Müsavat Dervişoğlu, '' Derdimiz; Milletimizin birliği, beraberliği ve geleceğidir. ''
İYİ Parti Genel Başkanı Sn. Müsavat Dervişoğlu'nun, Milli Egemenlik Kongresi Konuşması
Haber giriş tarihi : 16-02-2025 | 22 : 43 06
Haber güncelleme tarihi : 16-02-2025 | 22 : 43 06
İYİ Parti Genel Başkanı Müsavat Dervişoğlu,
'' Bütün dert edinenler bugün bir aradayız.
Nedir bu dert ettiğimiz?
Ne makamdır, ne mevkidir, ne servettir.
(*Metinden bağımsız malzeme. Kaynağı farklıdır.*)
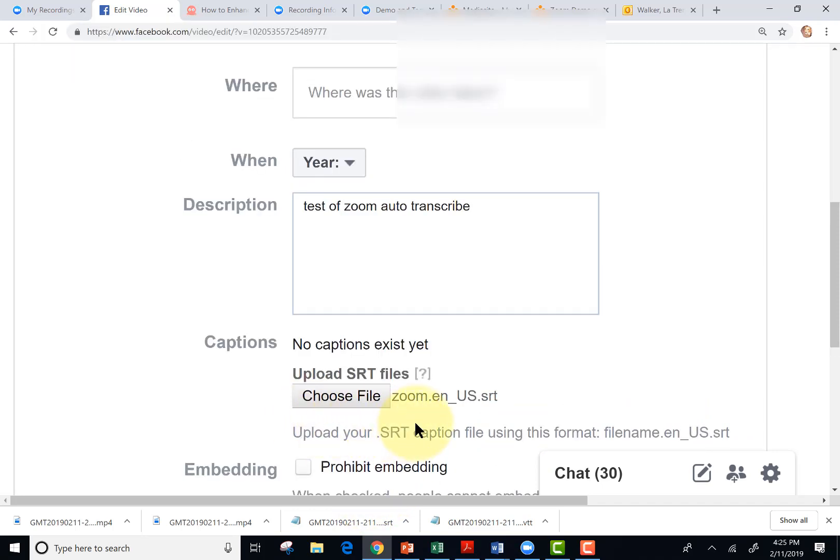Okay, so I shortened the name zoom dot en underscore us dot SRT. And before I said dash, but it's actually the underscore. So let's try it one more time.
Ne de şan, şöhret şatafattır.
Derdimiz; Milletimizin birliği, beraberliği ve geleceğidir.
Derdimiz; Bu Büyük Milletin kurduğu Cumhuriyetin ilelebet payidar olmasıdır.
Daha önce de söyledim,
Bugün yaşadıklarımız ne yenidir, ne de bir paradigmadır.
Bugün yaşananlar, Türk milletine karşı doğrudan doğruya bir kalkışmadır!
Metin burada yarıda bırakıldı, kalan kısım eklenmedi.